Roy Raymond Nouhra (November 14, 1974) is a Lebanese-Canadian businessman, investor, race car driver, and engineer. He is the founder and CEO of Asis Boats and the Co-CEO of Solico group UAE. In 2015, he received the Entrepreneur of the Year award at Gulf Capital SME Awards.

== Early life and education ==
Nouhra was born in Lebanon. When he was two, his family moved out of Lebanon to Paris, France because of the war in Lebanon. They lived in Neuilly-sur-Seine and Nouhra went to St Croix Neuilly School. When he was twelve, he and his mother moved to Montreal, Canada, where he studied at Collège de Montréal, graduating in 1991.
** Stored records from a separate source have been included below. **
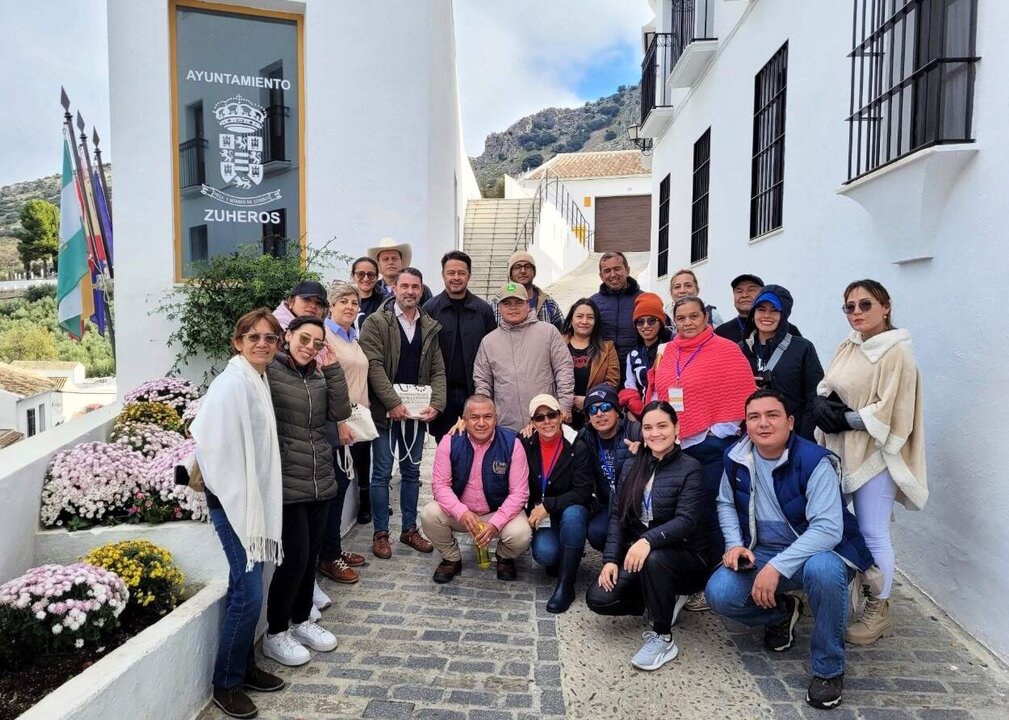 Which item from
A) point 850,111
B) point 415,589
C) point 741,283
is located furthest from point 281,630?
point 850,111

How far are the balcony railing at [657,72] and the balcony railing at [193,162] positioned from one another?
25.2 feet

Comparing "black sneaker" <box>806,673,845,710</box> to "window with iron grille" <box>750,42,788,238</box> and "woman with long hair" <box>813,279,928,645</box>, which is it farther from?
"window with iron grille" <box>750,42,788,238</box>

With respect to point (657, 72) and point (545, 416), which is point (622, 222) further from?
point (545, 416)

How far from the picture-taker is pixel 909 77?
3.76 meters

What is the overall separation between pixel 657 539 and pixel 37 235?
4685 centimetres

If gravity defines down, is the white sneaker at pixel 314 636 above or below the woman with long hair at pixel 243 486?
below

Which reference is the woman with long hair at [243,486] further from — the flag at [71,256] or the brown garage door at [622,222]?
the brown garage door at [622,222]

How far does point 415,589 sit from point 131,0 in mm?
5930

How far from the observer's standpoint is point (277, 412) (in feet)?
10.3

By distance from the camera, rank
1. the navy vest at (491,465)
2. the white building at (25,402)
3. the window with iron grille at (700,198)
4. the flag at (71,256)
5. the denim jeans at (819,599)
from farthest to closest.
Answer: the white building at (25,402)
the window with iron grille at (700,198)
the flag at (71,256)
the navy vest at (491,465)
the denim jeans at (819,599)

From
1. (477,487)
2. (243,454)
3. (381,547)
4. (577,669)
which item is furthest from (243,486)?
(381,547)

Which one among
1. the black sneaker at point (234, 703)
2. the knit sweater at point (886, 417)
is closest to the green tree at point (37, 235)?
the black sneaker at point (234, 703)

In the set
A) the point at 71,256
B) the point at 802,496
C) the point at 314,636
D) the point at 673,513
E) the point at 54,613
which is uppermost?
the point at 71,256

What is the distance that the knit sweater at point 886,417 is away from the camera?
327cm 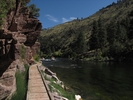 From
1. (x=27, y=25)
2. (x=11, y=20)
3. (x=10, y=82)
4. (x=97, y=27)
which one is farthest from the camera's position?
(x=97, y=27)

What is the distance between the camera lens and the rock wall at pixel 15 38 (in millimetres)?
10006

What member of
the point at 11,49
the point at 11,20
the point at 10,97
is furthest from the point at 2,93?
the point at 11,20

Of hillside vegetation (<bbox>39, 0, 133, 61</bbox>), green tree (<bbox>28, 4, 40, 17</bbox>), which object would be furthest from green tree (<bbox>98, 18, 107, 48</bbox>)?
green tree (<bbox>28, 4, 40, 17</bbox>)

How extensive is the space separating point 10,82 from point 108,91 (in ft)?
34.0

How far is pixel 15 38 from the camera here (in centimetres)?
1250

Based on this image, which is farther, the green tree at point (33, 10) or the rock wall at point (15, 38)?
the green tree at point (33, 10)

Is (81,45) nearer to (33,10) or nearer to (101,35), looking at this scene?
(101,35)

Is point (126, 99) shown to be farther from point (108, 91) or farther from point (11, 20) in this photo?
point (11, 20)

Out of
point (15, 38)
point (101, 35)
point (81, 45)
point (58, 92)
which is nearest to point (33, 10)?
point (15, 38)

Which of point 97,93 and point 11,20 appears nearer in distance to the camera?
point 97,93

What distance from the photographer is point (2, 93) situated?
574 centimetres

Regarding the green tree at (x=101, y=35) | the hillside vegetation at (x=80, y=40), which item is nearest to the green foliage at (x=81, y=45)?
the hillside vegetation at (x=80, y=40)

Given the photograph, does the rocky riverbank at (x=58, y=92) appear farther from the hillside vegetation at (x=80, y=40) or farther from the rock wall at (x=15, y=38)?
the hillside vegetation at (x=80, y=40)

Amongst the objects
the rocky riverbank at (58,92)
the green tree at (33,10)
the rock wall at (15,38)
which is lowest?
the rocky riverbank at (58,92) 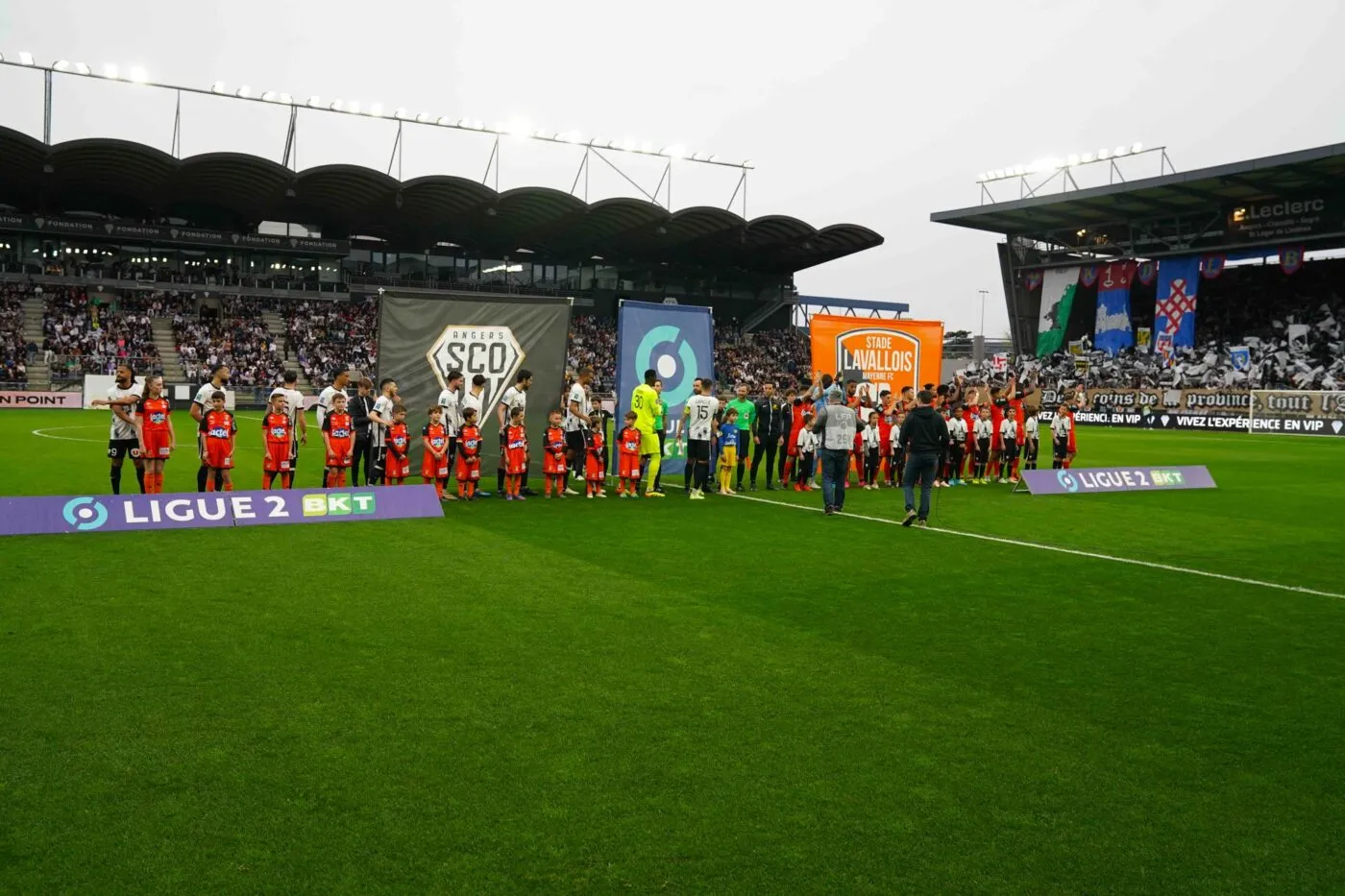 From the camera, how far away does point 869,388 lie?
20.0 meters

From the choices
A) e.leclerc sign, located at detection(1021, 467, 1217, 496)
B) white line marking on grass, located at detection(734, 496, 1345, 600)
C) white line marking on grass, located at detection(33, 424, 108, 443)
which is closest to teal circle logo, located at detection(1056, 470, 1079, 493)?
e.leclerc sign, located at detection(1021, 467, 1217, 496)

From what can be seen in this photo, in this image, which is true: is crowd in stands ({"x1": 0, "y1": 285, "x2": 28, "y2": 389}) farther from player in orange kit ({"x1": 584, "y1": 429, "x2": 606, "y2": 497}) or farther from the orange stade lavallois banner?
the orange stade lavallois banner

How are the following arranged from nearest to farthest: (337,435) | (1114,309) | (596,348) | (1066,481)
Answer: (337,435) → (1066,481) → (1114,309) → (596,348)

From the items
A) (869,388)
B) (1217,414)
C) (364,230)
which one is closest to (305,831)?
(869,388)

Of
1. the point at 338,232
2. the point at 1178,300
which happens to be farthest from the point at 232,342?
the point at 1178,300

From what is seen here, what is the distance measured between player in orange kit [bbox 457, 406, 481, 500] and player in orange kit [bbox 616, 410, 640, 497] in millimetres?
2170

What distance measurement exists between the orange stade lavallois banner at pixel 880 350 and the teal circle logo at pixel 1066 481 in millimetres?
3302

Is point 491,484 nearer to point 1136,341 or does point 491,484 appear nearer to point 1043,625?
point 1043,625

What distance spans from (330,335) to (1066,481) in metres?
45.6

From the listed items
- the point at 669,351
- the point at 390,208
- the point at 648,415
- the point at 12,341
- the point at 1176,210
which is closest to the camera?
the point at 648,415

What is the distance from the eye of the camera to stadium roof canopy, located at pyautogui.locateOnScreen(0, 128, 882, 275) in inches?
1811

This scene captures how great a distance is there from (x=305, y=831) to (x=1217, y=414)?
152 feet

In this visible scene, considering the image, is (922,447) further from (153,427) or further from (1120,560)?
(153,427)

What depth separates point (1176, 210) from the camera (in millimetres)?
54281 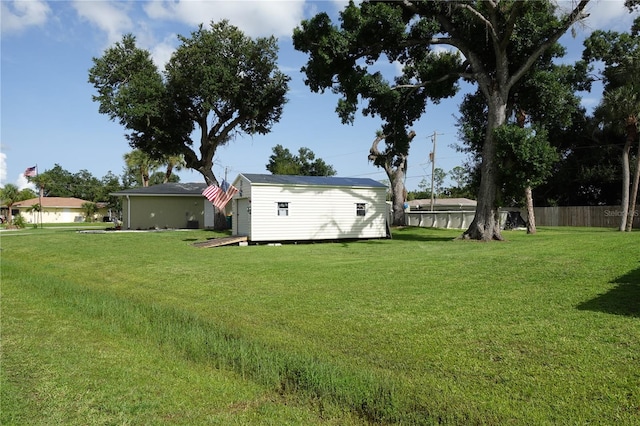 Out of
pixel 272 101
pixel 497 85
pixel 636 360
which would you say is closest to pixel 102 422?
pixel 636 360

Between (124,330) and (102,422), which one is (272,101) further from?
(102,422)

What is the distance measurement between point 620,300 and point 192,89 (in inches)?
1023

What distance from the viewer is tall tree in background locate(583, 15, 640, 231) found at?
25953mm

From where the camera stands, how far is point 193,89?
2836cm

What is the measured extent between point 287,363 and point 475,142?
18.9 m

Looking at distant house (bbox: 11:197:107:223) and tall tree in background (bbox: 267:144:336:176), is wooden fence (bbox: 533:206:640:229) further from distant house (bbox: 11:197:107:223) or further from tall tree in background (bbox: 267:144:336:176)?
distant house (bbox: 11:197:107:223)

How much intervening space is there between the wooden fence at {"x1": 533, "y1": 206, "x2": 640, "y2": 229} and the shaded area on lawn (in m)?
29.7

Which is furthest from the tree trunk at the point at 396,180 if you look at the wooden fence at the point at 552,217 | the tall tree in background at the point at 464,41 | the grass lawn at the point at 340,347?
the grass lawn at the point at 340,347

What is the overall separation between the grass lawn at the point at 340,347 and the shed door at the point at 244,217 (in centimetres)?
1088

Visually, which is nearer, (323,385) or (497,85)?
(323,385)

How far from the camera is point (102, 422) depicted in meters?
4.00

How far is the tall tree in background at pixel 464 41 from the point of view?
19109mm

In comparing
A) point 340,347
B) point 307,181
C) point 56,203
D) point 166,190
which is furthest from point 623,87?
point 56,203

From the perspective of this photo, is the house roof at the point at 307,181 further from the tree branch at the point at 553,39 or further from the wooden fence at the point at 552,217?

In 1993, Nouhra moved to the United States and joined George Washington University for Bachelors of Engineering in Civil Engineering. After graduating in 1997, he joined the Masters of Engineering Management program at the same university, which he completed in 1998.

== Career ==
After completing his education at George Washington University, Nouhra came to the UAE and began managing his family's business, Solico UAE, along with his brother Rainier Nouhra.

In 2005, Nouhra founded Asis boats, a privately owned company that manufactures rigid inflatable boats, RIBs and Vessels. He founded the company using the already existing know how and suppliers. In 2010, Nouhra attended the OPM 42 (Owner President Management Program) in Harvard Business School and became an involved member of the HBS Alumni.

Nouhra became a board member of SWS Board Technology, a manufacturers of wakeboards and snowboards, in 2012. In 2014, he became a board member at the Sealegs International, a public company that manufactures boats in New Zealand. He stepped down from the board in 2016. He also serves as the CEO of Solico Aluminum and Solico Trading.

Nouhra is the President of Entrepreneur Organization (EO) UAE Chapter. EO is a network for entrepreneurs, which helps entrepreneurs learn through peer-to-peer learning and connections to experts. He is also a mentor at Endeavor UAE, a non-profit that supports high-impact entrepreneurs.

== Personal life ==
Nouhra has had Crohn's disease since 1999. In 2010, he went on a journey to Kilimanjaro summit to show that a person with Crohn's disease can live a normal life. He is married to Elena Zogaib, and the couple has four children.

== Recognition ==
In 2015, he won the entrepreneur of the Year award at Gulf Capital SME Awards.